Beyond that, it probably isn’t the greatest thing when liberals take their talking-points from Donohue—although since we’re reverentially citing “Mister Drudge” at this point, it seems our standards are falling rapidly. Finally, it would be a very good thing if big news orgs did more work on this sort of religiosity—preferably outside an immediate partisan context. We look forward to reading Jeff Sharlet’s new book; he has done valuable work on these types of religion, and on the way such religious beliefs may connect to political power. But big news orgs tend to stay away, treating such topics as taboo; we think it would be better by far if they made a better attempt to explain what is happening—to cite one example—inside Pastor Hagee’s (large) church. (We’re not attempting to prejudge what news orgs might find in such venues.)

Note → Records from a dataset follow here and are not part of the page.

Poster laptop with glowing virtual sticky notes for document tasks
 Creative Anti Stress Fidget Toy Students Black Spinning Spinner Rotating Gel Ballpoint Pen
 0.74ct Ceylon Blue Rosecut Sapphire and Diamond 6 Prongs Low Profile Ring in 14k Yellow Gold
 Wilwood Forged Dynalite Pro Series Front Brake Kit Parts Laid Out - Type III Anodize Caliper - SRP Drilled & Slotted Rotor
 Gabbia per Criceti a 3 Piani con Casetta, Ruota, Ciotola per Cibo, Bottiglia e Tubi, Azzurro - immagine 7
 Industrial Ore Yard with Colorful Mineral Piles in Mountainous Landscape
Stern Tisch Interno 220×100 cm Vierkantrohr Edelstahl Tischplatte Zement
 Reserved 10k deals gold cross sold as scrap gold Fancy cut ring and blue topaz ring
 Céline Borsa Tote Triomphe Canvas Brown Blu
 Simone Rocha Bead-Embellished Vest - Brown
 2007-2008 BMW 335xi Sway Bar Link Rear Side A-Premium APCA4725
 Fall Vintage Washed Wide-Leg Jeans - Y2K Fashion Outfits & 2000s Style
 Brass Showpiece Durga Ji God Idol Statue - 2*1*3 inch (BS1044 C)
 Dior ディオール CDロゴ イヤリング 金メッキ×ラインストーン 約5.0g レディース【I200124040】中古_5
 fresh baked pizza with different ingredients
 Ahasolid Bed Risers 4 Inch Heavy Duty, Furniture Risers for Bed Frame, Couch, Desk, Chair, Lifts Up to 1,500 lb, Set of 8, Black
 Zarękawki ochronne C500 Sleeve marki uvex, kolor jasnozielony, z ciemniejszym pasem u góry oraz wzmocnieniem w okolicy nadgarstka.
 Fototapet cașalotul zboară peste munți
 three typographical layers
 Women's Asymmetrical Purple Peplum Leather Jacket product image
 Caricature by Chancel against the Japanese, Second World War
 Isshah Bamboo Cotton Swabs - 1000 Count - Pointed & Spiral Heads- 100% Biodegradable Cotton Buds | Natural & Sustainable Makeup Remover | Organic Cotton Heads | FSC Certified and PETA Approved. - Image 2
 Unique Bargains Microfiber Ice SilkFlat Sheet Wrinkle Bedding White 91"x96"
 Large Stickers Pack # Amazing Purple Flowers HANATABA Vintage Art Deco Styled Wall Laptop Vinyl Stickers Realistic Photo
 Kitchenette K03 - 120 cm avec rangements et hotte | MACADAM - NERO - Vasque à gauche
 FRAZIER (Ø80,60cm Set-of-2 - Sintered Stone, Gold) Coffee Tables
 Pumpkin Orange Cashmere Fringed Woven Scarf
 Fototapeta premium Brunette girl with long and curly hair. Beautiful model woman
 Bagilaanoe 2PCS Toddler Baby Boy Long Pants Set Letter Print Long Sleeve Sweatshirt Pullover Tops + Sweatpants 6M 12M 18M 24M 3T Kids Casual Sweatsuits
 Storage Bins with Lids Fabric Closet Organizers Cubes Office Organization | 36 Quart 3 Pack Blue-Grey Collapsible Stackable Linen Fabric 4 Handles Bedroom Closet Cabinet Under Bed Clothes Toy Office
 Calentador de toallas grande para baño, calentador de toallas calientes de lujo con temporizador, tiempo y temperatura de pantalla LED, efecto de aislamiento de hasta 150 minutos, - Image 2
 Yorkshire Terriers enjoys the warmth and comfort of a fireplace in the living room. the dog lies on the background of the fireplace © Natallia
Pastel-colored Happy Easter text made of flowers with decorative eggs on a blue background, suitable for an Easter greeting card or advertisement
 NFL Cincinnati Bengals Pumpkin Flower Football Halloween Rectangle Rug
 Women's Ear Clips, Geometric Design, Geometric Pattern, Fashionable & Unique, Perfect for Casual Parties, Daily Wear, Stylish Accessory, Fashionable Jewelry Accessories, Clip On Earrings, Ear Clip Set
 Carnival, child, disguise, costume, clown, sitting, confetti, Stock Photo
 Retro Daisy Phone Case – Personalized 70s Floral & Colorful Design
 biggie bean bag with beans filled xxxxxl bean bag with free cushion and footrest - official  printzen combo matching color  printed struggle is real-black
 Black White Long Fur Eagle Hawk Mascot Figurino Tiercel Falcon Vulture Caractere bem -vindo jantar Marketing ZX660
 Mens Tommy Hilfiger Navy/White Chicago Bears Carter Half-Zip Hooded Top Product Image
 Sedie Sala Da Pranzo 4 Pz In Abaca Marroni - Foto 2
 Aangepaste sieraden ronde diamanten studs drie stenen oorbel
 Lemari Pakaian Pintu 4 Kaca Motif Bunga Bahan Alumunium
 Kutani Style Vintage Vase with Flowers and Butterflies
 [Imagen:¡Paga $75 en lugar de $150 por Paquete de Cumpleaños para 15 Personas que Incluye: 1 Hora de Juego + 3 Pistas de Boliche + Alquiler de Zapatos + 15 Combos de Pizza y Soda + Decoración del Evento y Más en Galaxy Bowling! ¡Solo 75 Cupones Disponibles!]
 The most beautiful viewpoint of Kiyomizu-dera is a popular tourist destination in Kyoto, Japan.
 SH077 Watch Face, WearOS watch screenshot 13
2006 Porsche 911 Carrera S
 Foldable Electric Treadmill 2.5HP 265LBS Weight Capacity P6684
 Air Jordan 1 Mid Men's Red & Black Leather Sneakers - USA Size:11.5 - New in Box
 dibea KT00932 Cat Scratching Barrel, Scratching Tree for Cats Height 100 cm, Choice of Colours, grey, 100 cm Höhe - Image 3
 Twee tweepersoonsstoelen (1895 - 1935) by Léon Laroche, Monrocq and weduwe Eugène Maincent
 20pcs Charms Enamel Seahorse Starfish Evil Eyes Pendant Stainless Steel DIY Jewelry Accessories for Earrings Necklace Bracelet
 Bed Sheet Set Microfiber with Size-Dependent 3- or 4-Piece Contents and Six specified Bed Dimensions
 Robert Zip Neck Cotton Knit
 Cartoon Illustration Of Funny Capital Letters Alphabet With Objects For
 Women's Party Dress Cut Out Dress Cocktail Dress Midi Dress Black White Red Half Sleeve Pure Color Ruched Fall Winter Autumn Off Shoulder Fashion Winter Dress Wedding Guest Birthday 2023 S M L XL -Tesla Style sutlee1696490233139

By the way: Does Ernest Angley really heal all those people? We see him do it every Sunday, on our local Fox affiliate; in fact, we’ve seen him do it for decades now, going back to the 1970s. In all those years, we’ve never seen a single journalist check out Angley’s remarkable claims. If your brand of aspirin doesn’t work, you can’t go on TV and say it does. But in our society, almost any claim is A-OK—if it’s made as a part of religion.

PLEASE NOTE: Our e-mailer may thunder about this post. When you’re a shirt, you’re a shirt all the way! He may judge that we, allegedly a shirt, haven’t battered the skins hard enough. Many people get into politics to play on one team—and to batter the other. All the good people are on their team. On the other team, people are bad.

People, those skins just won’t stop fouling! Result? If they think Obama is better, then Clinton must be linked to Hitler. It all makes perfect sense to them—and it’s bad for progressive interests. Al Gore said he invented the Internet! Ehrenreich said so, eight years back. How did that bull-roar turn out?